▸ Instructions for the task: For the data below, transcribe the part that opens with the line containing "Water ripples and" and closes with the line containing "Sporty woman with", exactly and with no pictures.

▸ Available data:
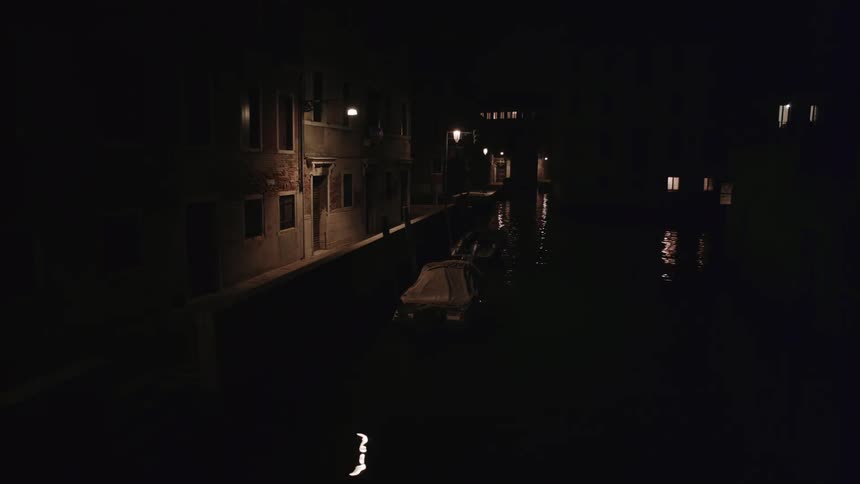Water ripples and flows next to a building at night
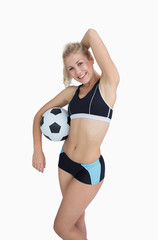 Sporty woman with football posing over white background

==

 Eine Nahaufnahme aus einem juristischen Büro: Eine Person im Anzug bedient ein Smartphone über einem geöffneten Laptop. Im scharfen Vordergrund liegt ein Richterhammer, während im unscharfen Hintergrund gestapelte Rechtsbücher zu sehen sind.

▸ Output for this exercise:
Water ripples and flows next to a building at night
 Sporty woman with football posing over white background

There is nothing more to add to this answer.